Islamist rebel Al Mahdi pleads guilty to destroying heritage sites

An Islamist militant accused of destroying cultural heritage sites in Timbuktu, Mali has pleaded guilty to charges at the International Criminal Court.

Ahmad al-Faqi al-Mahdi, a former teacher, told judges at the ICC he wished to plead guilty to the war crimes charges brought against him for destroying religious sites.

According to ICC prosecutor, Fatou Bensouda, al-Mahdi had expressed the wish to plead guilty during a closed session of the court on March 1, but this fact could only be made public now.

He is the first person to be charged by the ICC with the crime of damaging humanity’s common cultural heritage.

Prosecutors said al-Mahdi, a member of the Ansar Dine militant group, an affiliate of the al-Qaeda in the Islamic Maghreb, helped plan and lead attacks, while implementing rulings of the Islamic Tribunal set up by the rebels occupying Mali.

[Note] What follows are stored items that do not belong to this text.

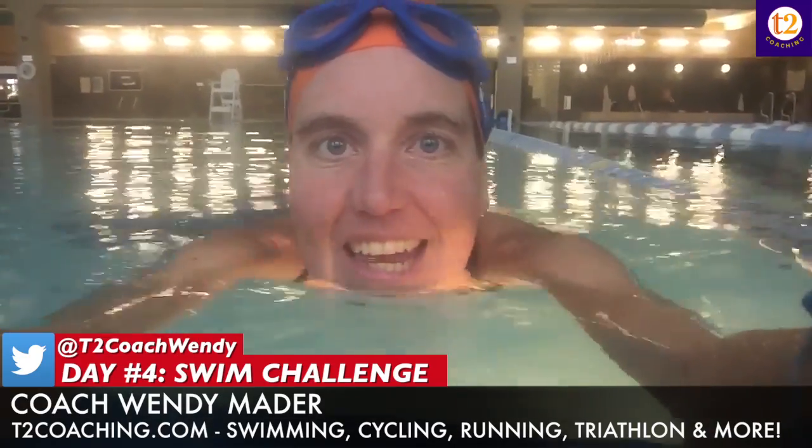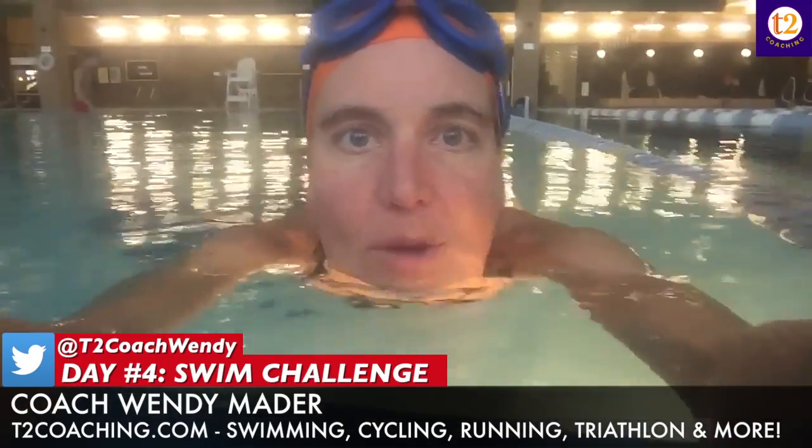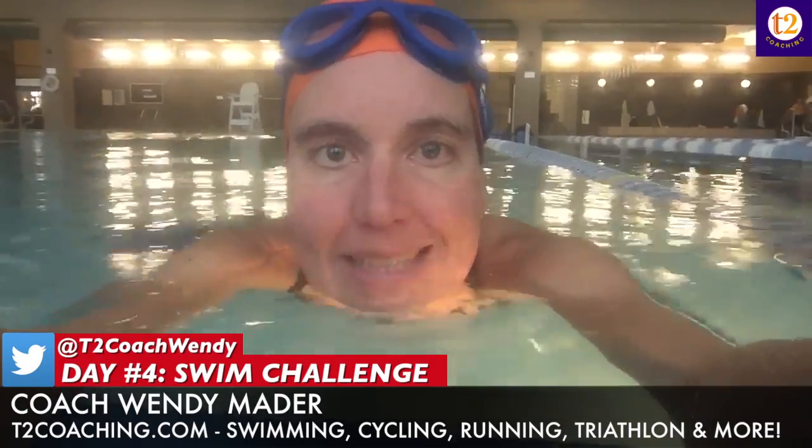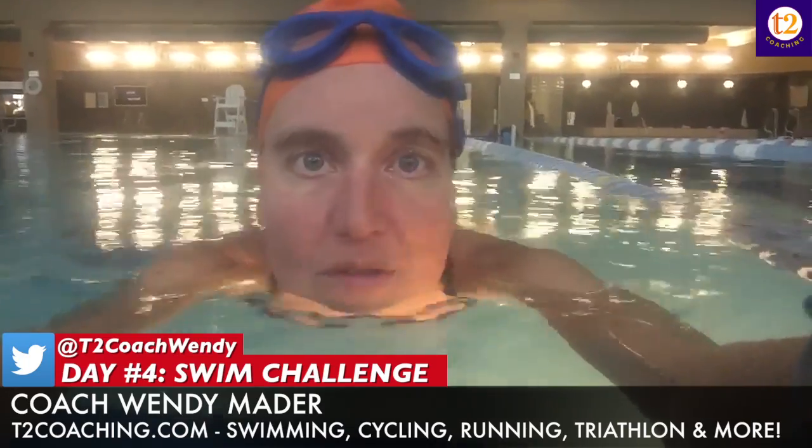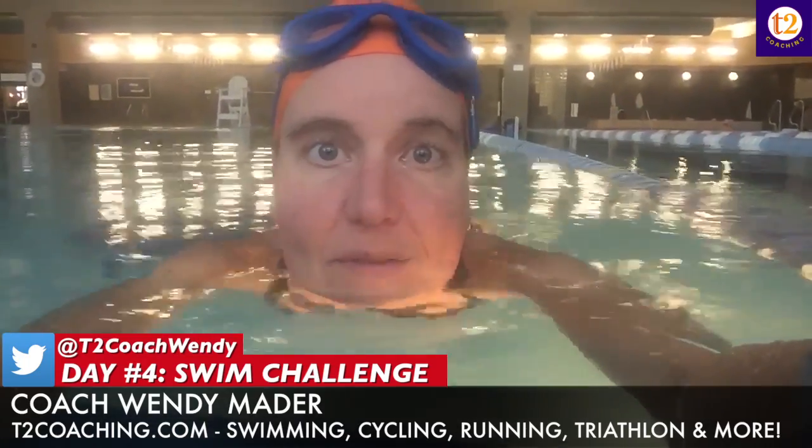Welcome to day four of your swim challenge, where we repeat what we did on day three. I've added a hundred pull with my buoy and hand paddles, as well as one minute of tricep dips. Basically, those are like pretending you're pushing yourself out of the water — try not to touch your toes to the wall. It's probably a little easier, or maybe harder, if you do the reverse triceps facing away from the wall.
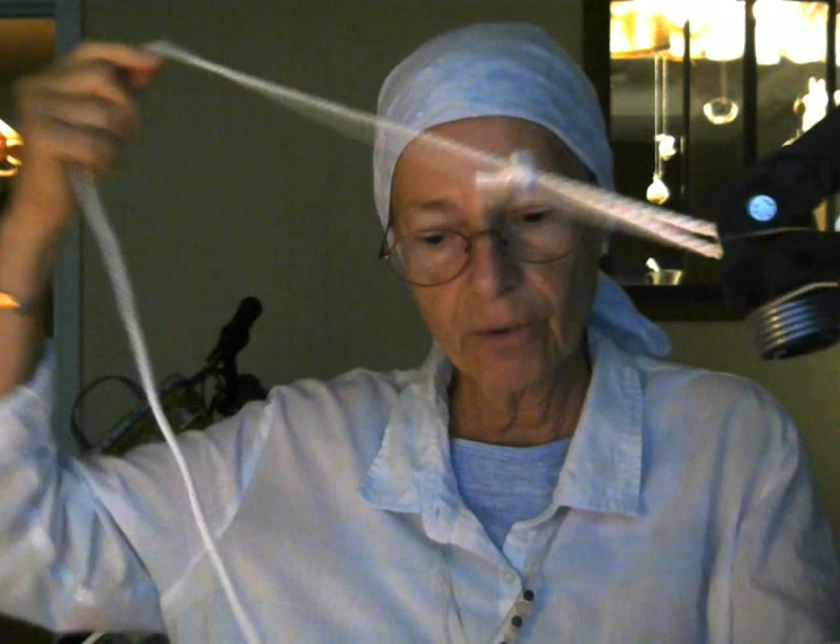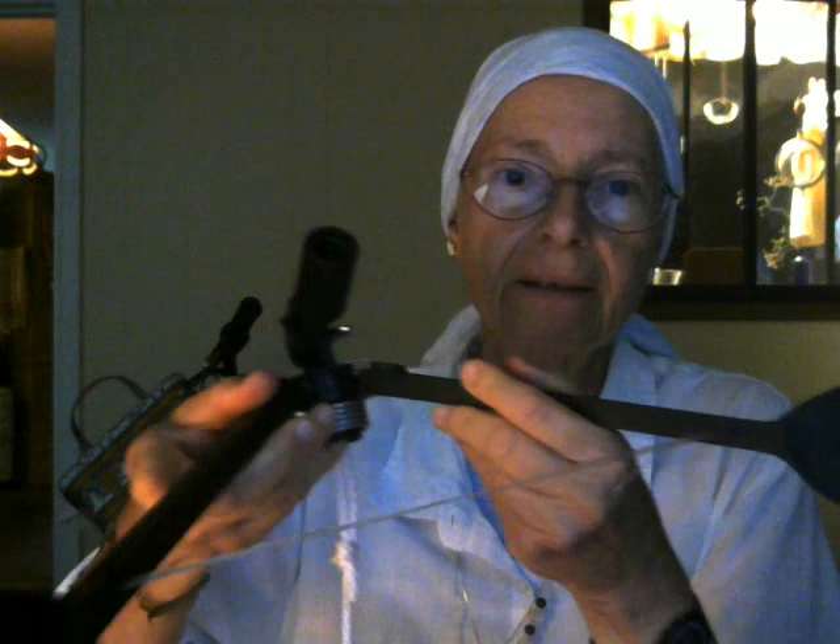So you screw in the broom handle here, and you're standing on the ground, and you're going to be pulling on this string. And when you pull on it, as you pull on it, this closes and grabs the leaves.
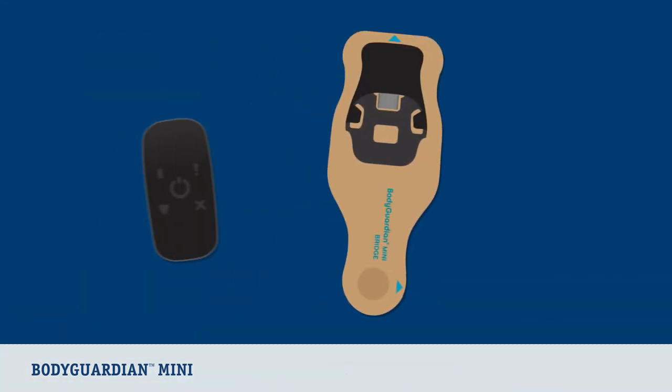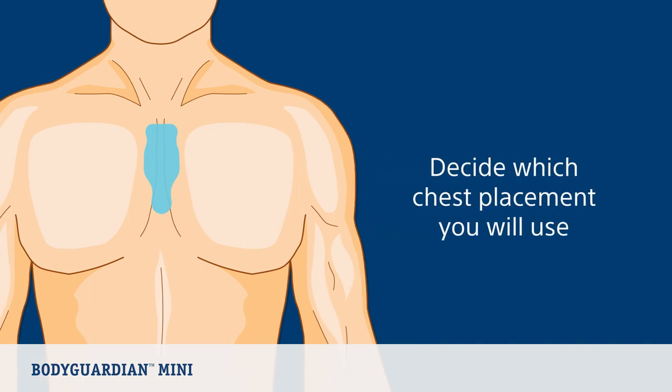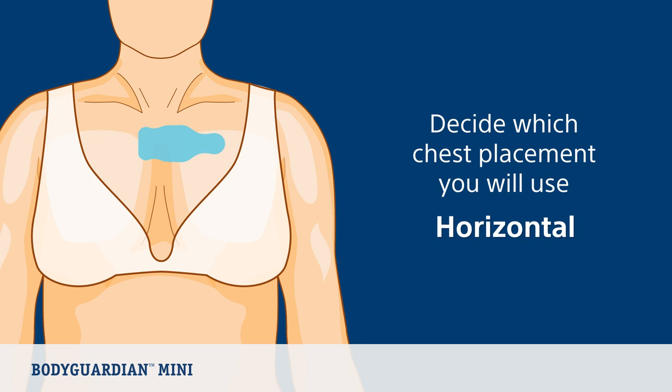Now let's go through placement options for wearing your BodyGuardian Mini with Bridge. First, decide which of the two chest placements you will use. You can wear the device either vertically on your sternum, which is the recommended placement, or horizontally on your upper chest.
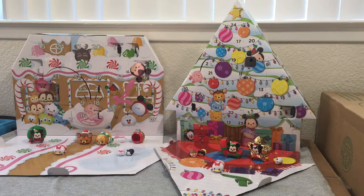Day eight from Costco is Lady from Lady and the Tramp, and she has a scarf. Day eight from Target is a golden star display piece for a character to go inside — like the Christmas star on top of the tree. We'll put Mickey inside the star. I'm going to move the camera a bit closer so you can see the characters better.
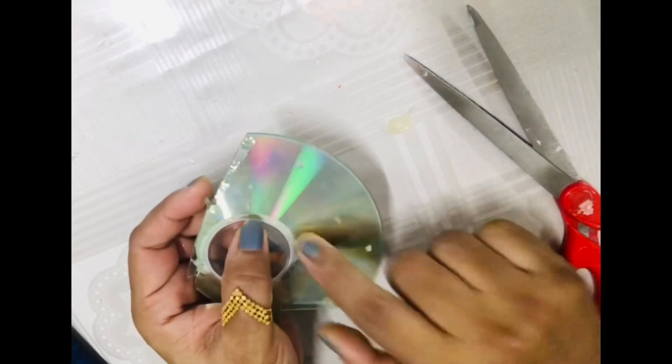Hey guys, welcome to my channel! Today I'm going to show you a simple method of bottle decoration. First, we need some CDs — I'm going to cut them into very small pieces.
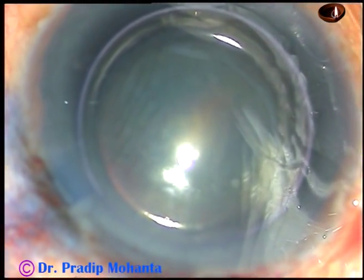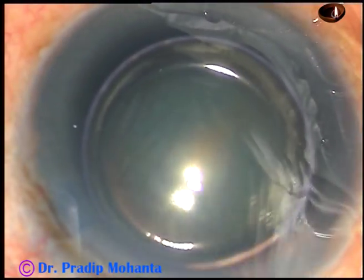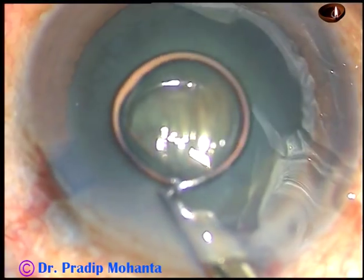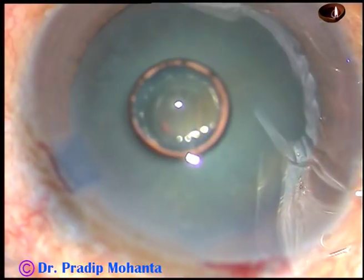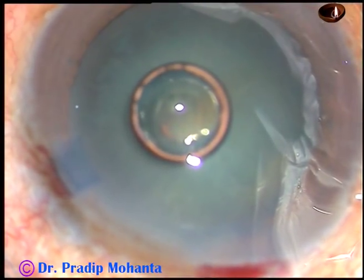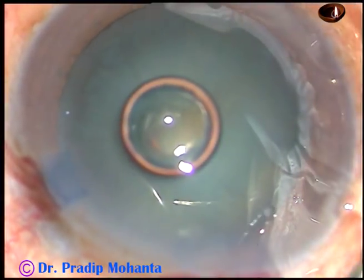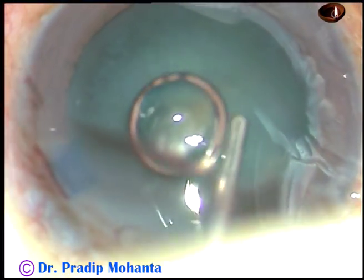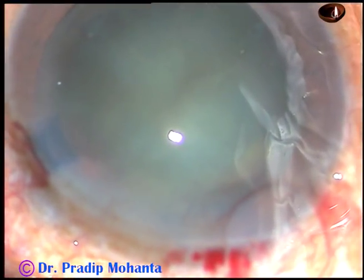Let us observe the surgery. By this time, the main incision and one side port has been made. The capsule has been stained with trypan blue dye. The dye has been washed out. And now 2% hydroxypropyl methylcellulose is being injected and the anterior chamber is being filled up with this viscoelastic substance.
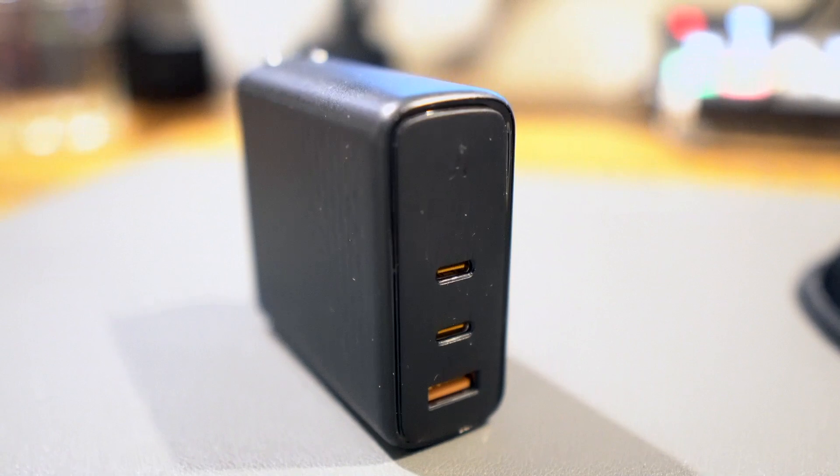The only thing I really don't like about this adapter is how it handles when new devices are plugged in. When you already have something plugged in and then add a second device, the adapter readjusts and redistributes the power. When it does that, it kind of resets itself for about half a second — it stops charging, but then starts charging up again. This is not going to be an issue for most people, and most of the time it's not an issue because it just starts recharging again.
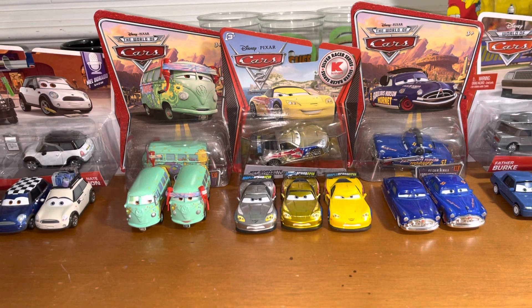Hey guys and welcome back to Shifty Drug Studios. Today we are going to be doing a Disney Cars Diecast ASMR Unboxing.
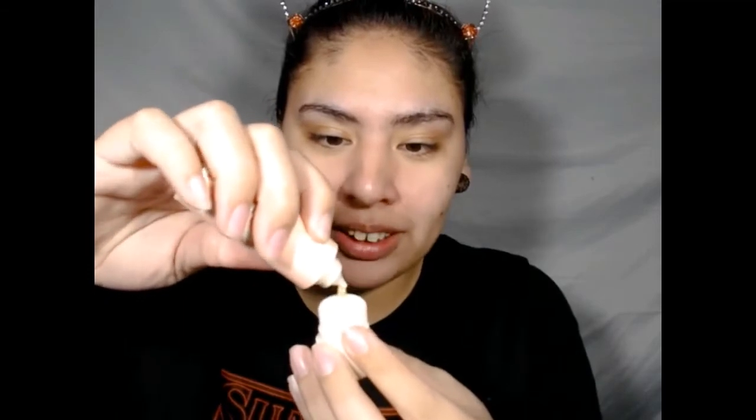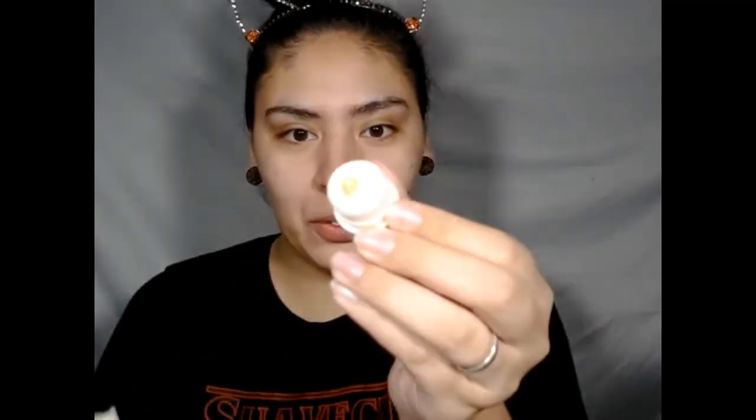And then it has a little push button to release the product. So I just put about two or three dots, and I'm just going to put that in my T-zone area — not my whole T-zone, but just where my pores are. And push that in really good so that it could absorb all that product to minimize my pores.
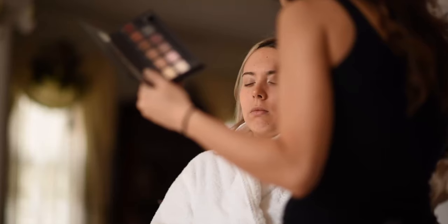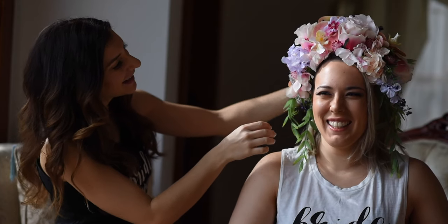With her makeup, I did a more natural blush. You can see she has some highlighter, but we incorporated her natural tones.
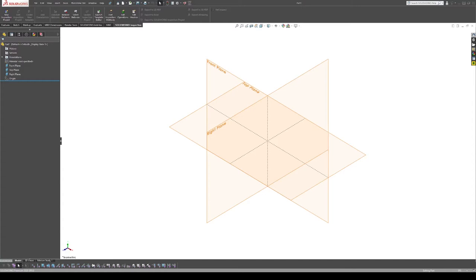Welcome back. Today I'm going to go through how I would model some of the components in SolidWorks — specifically for this lathe — and we'll just jump right into it.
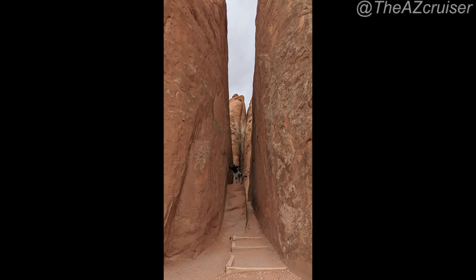Right when you enter the trail — this is right at the beginning — I took a little picture right here. You can see the immense size of the rocks and the sand dunes.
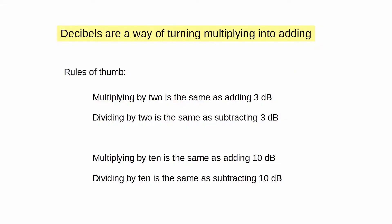The book talks about decibels. Decibels are a way of turning multiplying into adding, and there are formulas and all that. We really don't need to worry about them at the technician level. There are two rules of thumb that will get you by all of the test questions you have on decibels. And I might add that when you encounter decibels out in the real world, these two rules of thumb come in very, very handy — turning multiplying into adding.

His trial will proceed as judges decide how to accommodate his plea.

“The magnitude of the loss of such irreplaceable physical embodiment of history and culture was felt by the whole of humanity, and at the expense of future generations,” Bensouda said.

The ICC examined events in Mali since 2012, when Tuareg rebels seized part of the north, imposing a strict interpretation of Islamic law. French and Malian troops pushed them back the following year.

Known as the “City of 333 Saints”, Timbuktu was a trading hub and a spiritual center by the 14th century, playing a key role in the spread of Islam across the continent and the mausoleums of those scholars remain important pilgrimage sites.